The receptionist gave her a wide-eyed look. “Oh—let me—I’ll call Dr. Turner right away.” She picked up the phone, and Alice resisted the temptation to tap her foot. Arrogance was important for the Dixon image, but it could backfire. If she wanted to succeed in public relations, it would be good not to alienate too many staffs.
A second later, a formidable-looking woman strode through the doors. “You’re the ASC representative?” she asked, offering her hand. “I’m Dr. Kendra Turner, sup-spec for Methodist Hospital.”
“Alice Dixon, Regional Public Relations Manager,” she answered. “I need to see Hunter Hawthorne and the freak he brought in immediately.”
The woman’s mouth tightened. “You’re going to have to speak to Dr. Cunningham.” Nodding for Alice to accompany her, she turned back for the doors. Irritated, Alice followed.
Cunningham was the typical curt executive in her fifties with no patience for distractions from the usual business of her day. She also seemed to know without explanation why Alice was there. “I can’t help you,” she said unapologetically. “Hawthorne and his supernatural left without clearing the front desk three hours ago.”
Alice blinked. “Excuse me?”
“They weren’t officially discharged,” Dr.
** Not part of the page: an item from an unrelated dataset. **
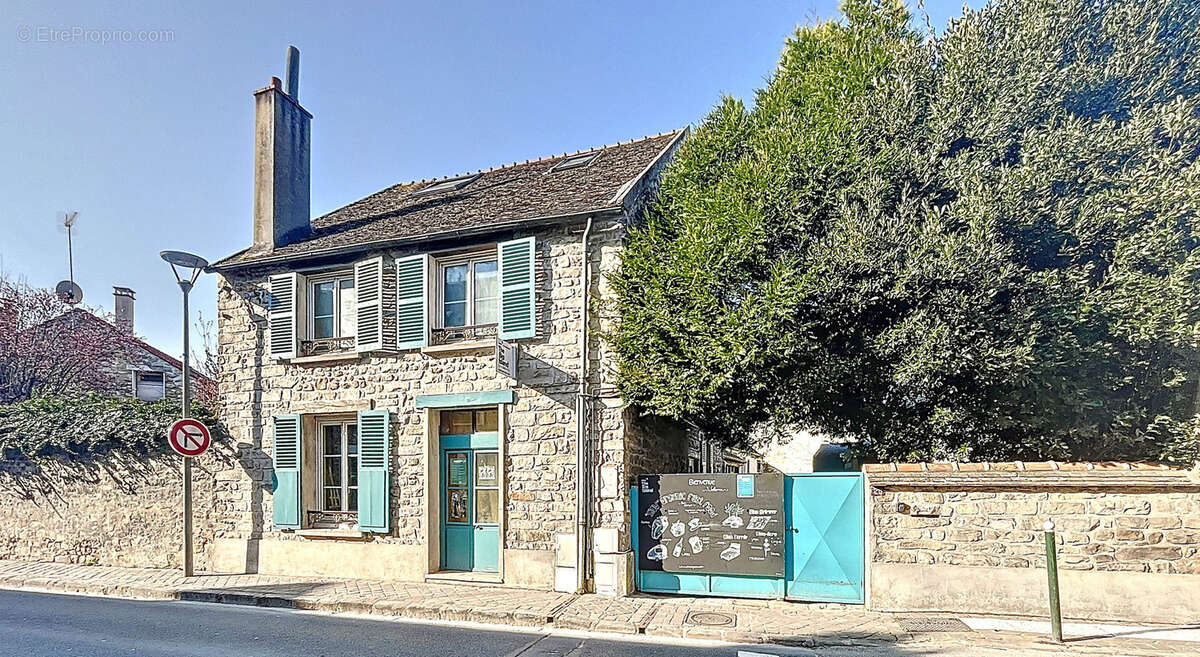 Maison à MILLY-LA-FORET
Turner explained. “They left anyway. Preliminary examination showed that the supernatural wasn’t a threat. Actually, it seems like he was instrumental in saving the lives of—”
“If Hawthorne’s gone, I need to know everything,” Alice said, cutting her off. “All your reports, all your notes, any surveillance footage you have. I need access to all your records and a list of personnel who interacted with them, and all this in a place where I can work.”
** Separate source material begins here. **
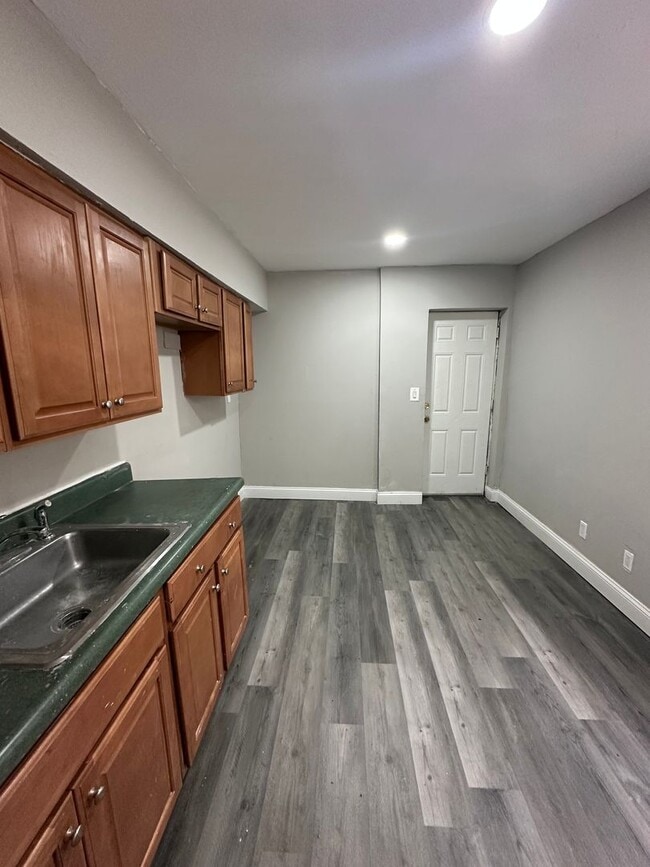 Building Photo - 4 bed, 2 full bath rowhome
Neither Cunningham nor Turner seemed particularly pleased about that, but Cunningham nodded without argument. “Of course we’ll assist the ASC however we can.” The two women exchanged a glance (Cunningham angry, Turner defensive) that implied more than Alice could parse this early into the game.
It took far too long to get everything she wanted. She pored over the records of the hospital visit, interviewed the survivors of the troll hunt, talked to all the staff who’d seen Hawthorne and his behavior around the freak. She had more than one interview with Turner, who was definitely hiding something, but the best that Alice could figure was that for a supernatural specialist, she had something of an unprofessional soft spot for the monster that Hawthorne had brought in.
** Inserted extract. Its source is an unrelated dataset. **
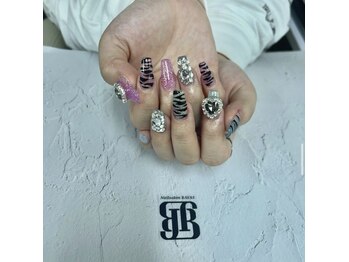 ネイルサロンレイアス(RAYAS)/キラキラゼブラネイル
When she found out all that she could, she called Director Jonah.
“Cousin.” His voice was fond, precise, confident. “What do you have for me?”
Wishing it was more, Alice outlined the hunt and the steps the hospital had taken to contain the supernatural, her inferences about Hawthorne’s behavior (he certainly had a soft spot for his pet monster as well), the general impressions that both had been in good health and had apparently been hunting. She passed along the results from the blood work (frustratingly incomplete due to some incompetence in the lab), their injuries, and how shortly before her arrival they had left.
Alice concluded with her recommendation that a squad be sent out to make sure the troll was actually dead (they could get up after a lot of damage, and even if they didn’t, that corpse would be valuable for study; the existence of trolls had been debated for years) and that there was nothing more to learn where she was.
Director Jonah listened carefully, hmm ed, asked a couple careful questions, and at the end thanked her.
“Keep an eye on those alerts for Jake Hawthorne,” he said. “Actually, keep an eye on both Hawthornes.”
“Should I flag anything in particular, sir?”